* [Task description]: Please write out exactly the lines from the one with "鏽成這樣還敢賣245萬!Porsche就是狂! | 車壇新訊 | 國際車訊" through the end of the data below, both ends included, and omit any pictures.

* [Exercise data]:

[Start of Attachment]

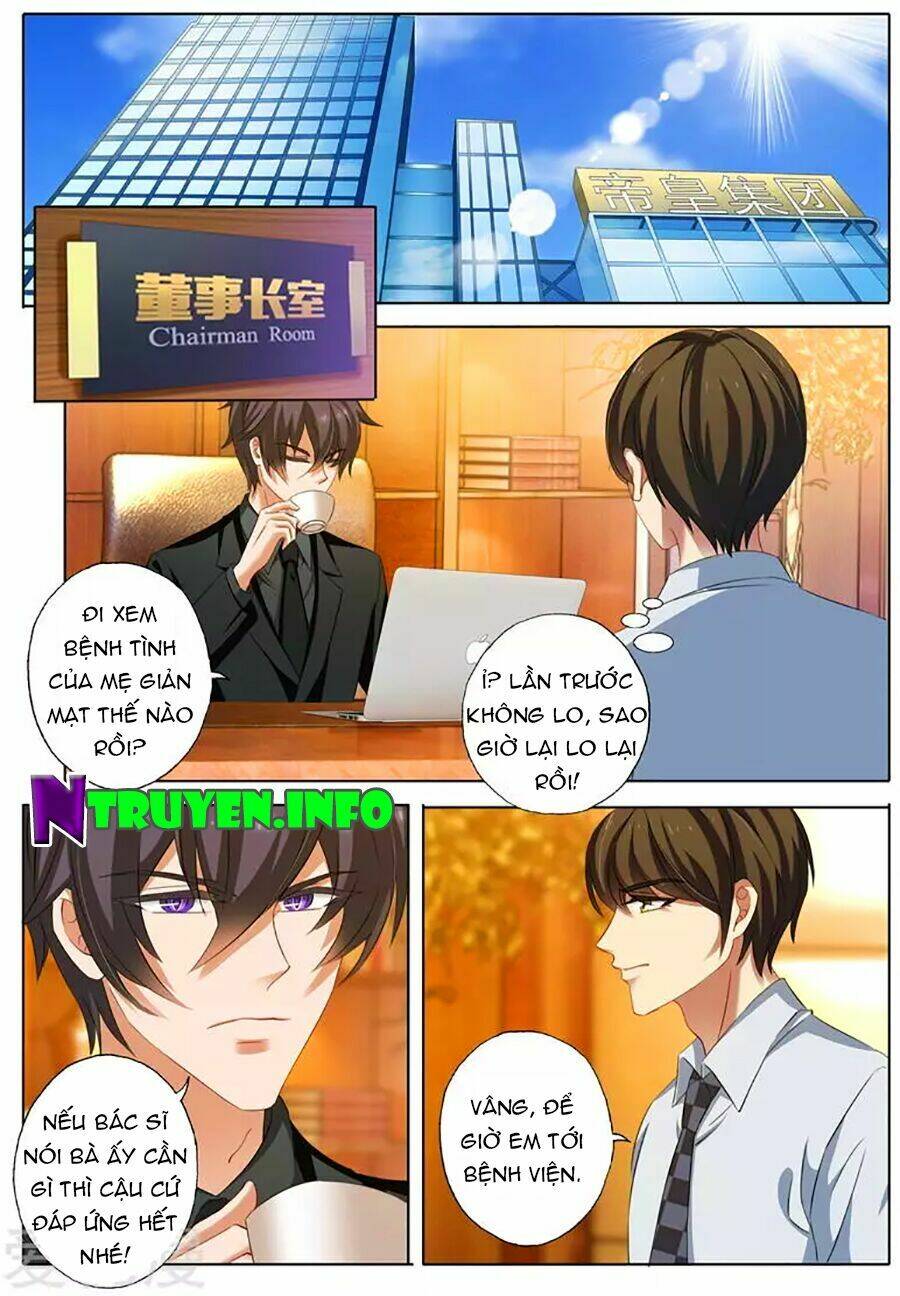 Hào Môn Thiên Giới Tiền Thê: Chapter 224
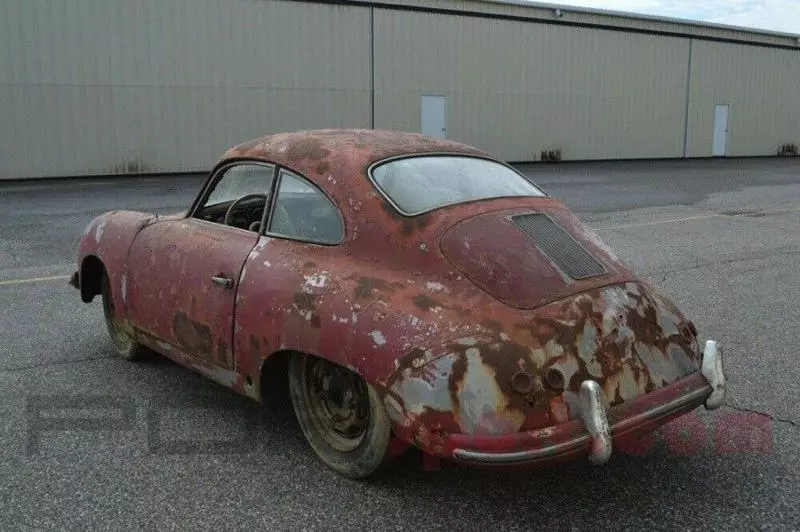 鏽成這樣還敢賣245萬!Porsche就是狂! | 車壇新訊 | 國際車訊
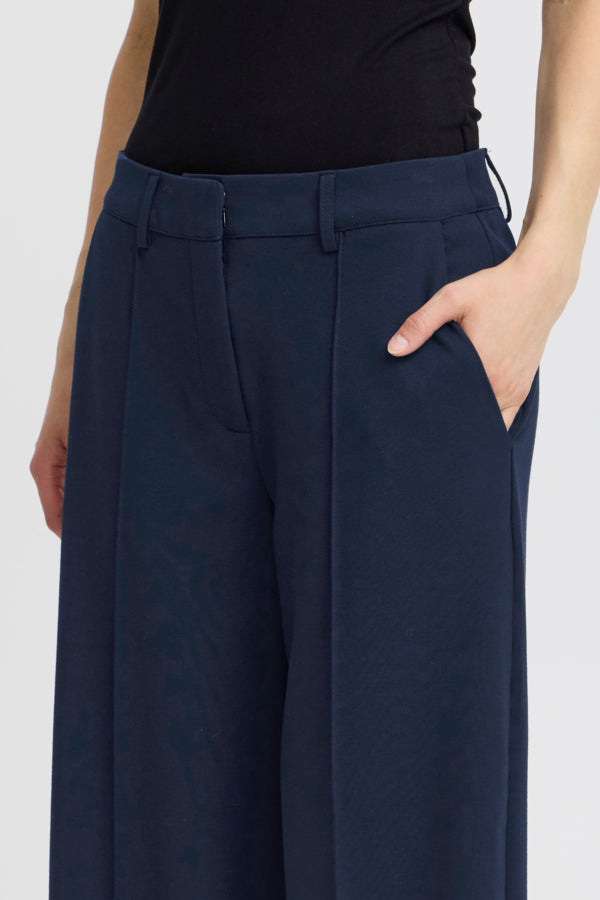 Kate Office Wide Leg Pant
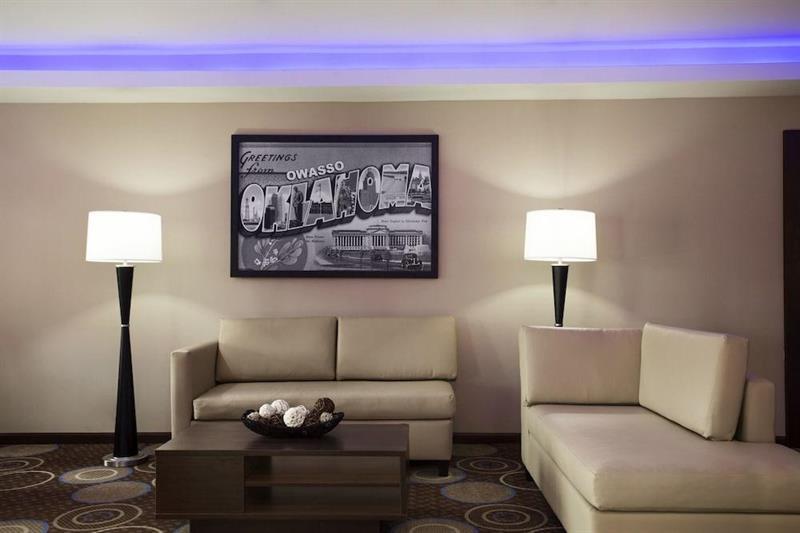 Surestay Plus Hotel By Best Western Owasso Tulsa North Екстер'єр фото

[End of Attachment]

* [Problem solution]:
 鏽成這樣還敢賣245萬!Porsche就是狂! | 車壇新訊 | 國際車訊
 Kate Office Wide Leg Pant
 Surestay Plus Hotel By Best Western Owasso Tulsa North Екстер'єр фото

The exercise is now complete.